Saving and loading a model in Pytorch?

http://pytorch.org/docs/notes/serialization.html

@Rinku_Jadhav2014 unfortunately that tutorial is incomplete to resume training. It will only allow saving a model but it does not save the optimizer, epochs, score, etc.

@Bixqu You can check the ImageNet Example line 139

        save_checkpoint({
            'epoch': epoch + 1,
            'arch': args.arch,
            'state_dict': model.state_dict(),
            'best_prec1': best_prec1,
            'optimizer' : optimizer.state_dict(),
        }, is_best)

With

def save_checkpoint(state, is_best, filename='checkpoint.pth.tar'):
    torch.save(state, filename)
    if is_best:
        shutil.copyfile(filename, 'model_best.pth.tar')

Loading/Resuming from the dictionary is there

    if args.resume:
        if os.path.isfile(args.resume):
            print("=> loading checkpoint '{}'".format(args.resume))
            checkpoint = torch.load(args.resume)
            args.start_epoch = checkpoint['epoch']
            best_prec1 = checkpoint['best_prec1']
            model.load_state_dict(checkpoint['state_dict'])
            optimizer.load_state_dict(checkpoint['optimizer'])
            print("=> loaded checkpoint '{}' (epoch {})"
                  .format(args.resume, checkpoint['epoch']))
        else:
            print("=> no checkpoint found at '{}'".format(args.resume))
92 Likes

Hi! the best and safe way to save your model parameters is doing something like this:

  model = MyModel()
  # ... after training, save your model 
  model.save_state_dict('mytraining.pt')

  # .. to load your previously training model:
  model.load_state_dict(torch.load('mytraining.pt'))
5 Likes

@diegslva Unfortunately this has the same issue as the tutorial, it won’t save the epoch and the optimizer state so you can’t resume training which was the OP need.

8 Likes

@mratsim, You’re right!
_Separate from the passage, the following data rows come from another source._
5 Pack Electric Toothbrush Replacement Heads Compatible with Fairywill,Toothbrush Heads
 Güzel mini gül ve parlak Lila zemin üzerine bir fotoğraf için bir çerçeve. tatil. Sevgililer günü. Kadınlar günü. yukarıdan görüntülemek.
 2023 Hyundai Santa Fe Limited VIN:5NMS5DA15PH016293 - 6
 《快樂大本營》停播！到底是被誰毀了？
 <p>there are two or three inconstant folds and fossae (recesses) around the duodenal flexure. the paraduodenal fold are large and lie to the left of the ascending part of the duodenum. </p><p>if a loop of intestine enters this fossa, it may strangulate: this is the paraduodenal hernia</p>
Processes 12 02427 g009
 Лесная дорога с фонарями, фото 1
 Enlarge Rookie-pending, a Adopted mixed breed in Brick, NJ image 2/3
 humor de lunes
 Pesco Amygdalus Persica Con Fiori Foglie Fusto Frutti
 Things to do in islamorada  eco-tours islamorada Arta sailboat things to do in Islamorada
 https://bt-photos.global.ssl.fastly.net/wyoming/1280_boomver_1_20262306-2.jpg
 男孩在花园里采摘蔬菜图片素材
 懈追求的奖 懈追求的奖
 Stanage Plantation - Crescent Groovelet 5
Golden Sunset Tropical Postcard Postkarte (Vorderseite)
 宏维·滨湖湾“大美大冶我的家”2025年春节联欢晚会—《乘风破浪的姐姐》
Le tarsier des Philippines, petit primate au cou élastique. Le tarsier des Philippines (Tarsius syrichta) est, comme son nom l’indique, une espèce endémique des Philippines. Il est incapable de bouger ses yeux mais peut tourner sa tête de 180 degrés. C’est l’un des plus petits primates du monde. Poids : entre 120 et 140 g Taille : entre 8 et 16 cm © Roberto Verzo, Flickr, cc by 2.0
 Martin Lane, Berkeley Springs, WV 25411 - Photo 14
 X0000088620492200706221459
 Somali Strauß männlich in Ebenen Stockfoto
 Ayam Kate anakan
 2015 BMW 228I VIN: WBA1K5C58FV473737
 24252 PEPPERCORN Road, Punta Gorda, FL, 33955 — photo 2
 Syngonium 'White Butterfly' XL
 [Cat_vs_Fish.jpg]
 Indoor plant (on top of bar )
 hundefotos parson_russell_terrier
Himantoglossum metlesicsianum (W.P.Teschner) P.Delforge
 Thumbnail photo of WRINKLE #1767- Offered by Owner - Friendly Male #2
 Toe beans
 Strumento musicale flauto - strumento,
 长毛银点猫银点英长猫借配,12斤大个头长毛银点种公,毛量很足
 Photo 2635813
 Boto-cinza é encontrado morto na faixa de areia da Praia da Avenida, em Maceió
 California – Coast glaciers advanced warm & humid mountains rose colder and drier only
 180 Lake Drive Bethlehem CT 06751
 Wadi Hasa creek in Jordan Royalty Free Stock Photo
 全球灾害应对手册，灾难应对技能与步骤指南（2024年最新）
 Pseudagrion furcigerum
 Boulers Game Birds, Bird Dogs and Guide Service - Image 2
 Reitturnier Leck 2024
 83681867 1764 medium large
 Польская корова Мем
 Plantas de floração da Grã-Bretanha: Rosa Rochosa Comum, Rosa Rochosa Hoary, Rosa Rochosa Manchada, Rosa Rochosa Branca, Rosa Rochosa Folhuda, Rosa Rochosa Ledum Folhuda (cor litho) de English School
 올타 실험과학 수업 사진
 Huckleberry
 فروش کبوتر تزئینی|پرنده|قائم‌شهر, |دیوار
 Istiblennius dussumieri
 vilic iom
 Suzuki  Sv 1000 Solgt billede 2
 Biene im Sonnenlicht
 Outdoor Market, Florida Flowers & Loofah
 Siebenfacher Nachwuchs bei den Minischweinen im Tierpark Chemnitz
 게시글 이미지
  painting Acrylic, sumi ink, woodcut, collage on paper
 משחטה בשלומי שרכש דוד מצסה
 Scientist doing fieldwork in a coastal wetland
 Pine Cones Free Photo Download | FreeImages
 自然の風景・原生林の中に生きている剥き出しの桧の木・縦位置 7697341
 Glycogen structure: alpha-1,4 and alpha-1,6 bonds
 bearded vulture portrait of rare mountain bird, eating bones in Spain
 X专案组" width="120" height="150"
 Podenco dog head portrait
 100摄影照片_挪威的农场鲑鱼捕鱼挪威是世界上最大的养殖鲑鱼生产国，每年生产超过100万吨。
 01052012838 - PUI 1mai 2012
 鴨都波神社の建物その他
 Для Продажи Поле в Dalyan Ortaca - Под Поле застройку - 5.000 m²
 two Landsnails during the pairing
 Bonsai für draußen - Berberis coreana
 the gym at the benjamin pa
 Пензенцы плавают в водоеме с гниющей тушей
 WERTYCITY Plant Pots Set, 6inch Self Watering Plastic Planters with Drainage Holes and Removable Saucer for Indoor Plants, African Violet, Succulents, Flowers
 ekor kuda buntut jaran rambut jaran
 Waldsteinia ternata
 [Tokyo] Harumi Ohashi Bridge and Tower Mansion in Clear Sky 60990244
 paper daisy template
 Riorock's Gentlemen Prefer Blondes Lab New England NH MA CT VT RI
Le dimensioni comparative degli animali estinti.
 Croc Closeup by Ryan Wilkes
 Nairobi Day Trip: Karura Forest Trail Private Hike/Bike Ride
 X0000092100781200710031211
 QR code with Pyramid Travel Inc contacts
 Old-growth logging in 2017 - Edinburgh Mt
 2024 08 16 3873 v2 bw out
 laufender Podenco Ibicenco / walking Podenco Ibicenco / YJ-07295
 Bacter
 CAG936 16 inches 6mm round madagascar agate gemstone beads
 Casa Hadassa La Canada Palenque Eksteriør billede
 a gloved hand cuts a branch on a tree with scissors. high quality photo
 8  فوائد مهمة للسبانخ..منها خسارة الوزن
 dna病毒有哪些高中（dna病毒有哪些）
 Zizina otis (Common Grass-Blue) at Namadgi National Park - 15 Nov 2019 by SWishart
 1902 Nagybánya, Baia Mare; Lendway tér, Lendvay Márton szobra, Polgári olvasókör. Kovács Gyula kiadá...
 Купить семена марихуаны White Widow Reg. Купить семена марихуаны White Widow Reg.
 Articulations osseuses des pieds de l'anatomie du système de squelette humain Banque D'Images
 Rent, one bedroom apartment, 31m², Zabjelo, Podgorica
I made a mistake here understanding the question.
I don’t use to do that but, maybe something dirty like that to save you entirely objects:

import copy
import pickle

# model stuff    
model = mymodel()
train = trainer.train(model...)

# copy you entirely object and save it 
saved_trainer = copy.deepcopy(train)
with open(r"my_trainer_object.pkl", "wb") as output_file:
    pickle.dump(saved_trainer, output_file)
3 Likes

@mratsim & @diegslva, when I want to save the trained (i.e., fine tuned) models of ResNet and DenseNet the torch.save(MyModel.state_dict(), './model.pth') method doesn’t work correctly; and when I used the torch.save(MyModel, './model.pth') then the models are saved correctly. It means that when I load my saved models via the first approach, my models don’t give me correct results, however when I use the second approach the results are good. Am I correct? would you please explain why this issue occurred?

5 Likes

when you load the model back again via state_dict method, remember to do MyModel.eval(), otherwise the results will differ.

35 Likes

Why will the results differ without calling MyModel.eval()?

4 Likes

because your BatchNorm or Dropout layers by default are in train mode on construction.

32 Likes

If my model doesn’t use such layers like dropout or batchnorm then it doesn’t make difference to use model or model.eval(), right?

2 Likes

You’re right. It matters only when you use those layers, as described in the document. In theory, BN/Dropout should behave differently in evaluation time so you need manually toggle the setting. You could alternatively use model.train(False). Also, make sure to use eval() at validation time.

4 Likes

I use .eval() and incorrect either.

1 Like

HI guys,

I have a question about the behaviour of dropout layer during training and evaluation. I remember reading in a paper that because dropout leave out some units during training. During evaluation, the out going weights of dropout layer need to be reduced an amount corresponding to the dropout rate. For instance, if the dropout rate is 0.5, then the out-going weights need to be reduced by 2, because during evaluation, we effectively have twice the number of units.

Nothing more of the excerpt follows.